Starting next week, all comments and posts on Facebook and Instagram that “praise, support and representation of white nationalism and separatism” would be blocked, Facebook has said.
It has also promised to enhance its capabilities to increase the potential for identification and blocking of materials posted by terrorist group, said the largest social media company of the world.
The company has also said that those Facebook users who would use search terms and strings that represent offending material would immediately be redirected to the website of a charity organization that fights far-right extremism.
There has been renewed pressure to stop far right activism on its platform following the live streaming of a terrorist incident by a man who was responsible for attacks in two mosques in New Zealand earlier this month.
The previous policy of Facebook gave the opportunity for users to post some comments and materials that the social media company did not consider as being racist which included allowing users to post messages and posts that gave calls for setting up of white ethno-states.
The policy of considering it right to allow posting of white nationalism messages to be an acceptable form of expression because it believed that it was on a par with “things like American pride and Basque separatism, which are an important part of people’s identity”, the company said.
However the company reversed its stance and announced in a blog post on Wednesday that it had undertaken consultations with “members of civil society and academics” for a period three months and ha come to a conclusion that it was not possible to meaningfully separate white nationalism from white supremacy and the activities and intention of organised hate groups.

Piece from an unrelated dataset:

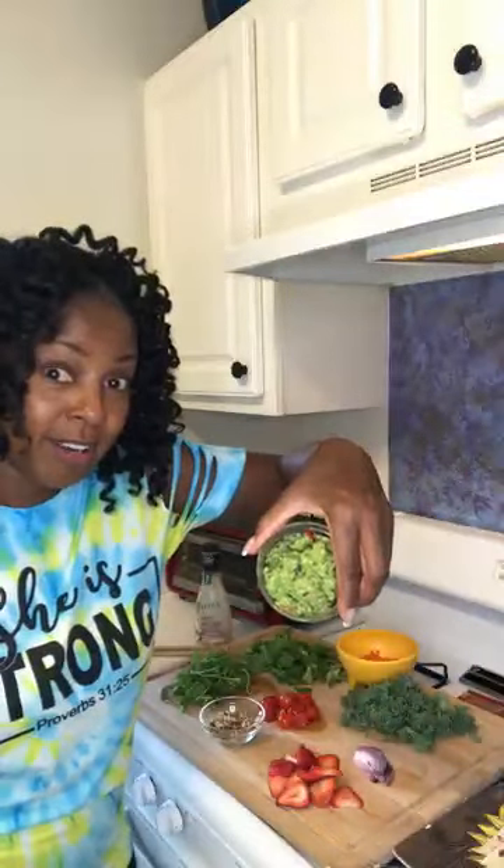And I got some homemade guacamole here. I love Mexican food and I love guacamole. I have a video where I made homemade guacamole — I'll put the link in the description box so you can try to make your own homemade guacamole if you like it.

The social media group was criticised by several world leaders who called on the social media platform running company to take more responsibility for the extremist material that are posted on its social media platforms, following the shootings and killings in mosques earlier this month in New Zealand.
Social networks were “the publisher, not just the postman”, said New Zealand Prime Minister Jacinda Ardern, while referring to the potential liability of the companies for the material that is shared on the platform run by the companies.
There were more than 4,000 views of the video which portrayed the attack, which left 50 people dead, before it could be taken down, Facebook has previously acknowledged.
The company had managed to block 1.2 million copies at the point of upload and deleted another 300,000 within 24 hours of the incident, Facebook said.
Facebook and YouTube are being sued by a group representing French Muslims over charges that the companies are responsible for allowing posting of the new Zealand killing footage on their platforms.
Steps to clamp down on sharing of the video were taken by other tech groups also. After clips of the attack were shared on the forum, an existing discussion forum on its site called “watchpeopledie” was banned by Reddit.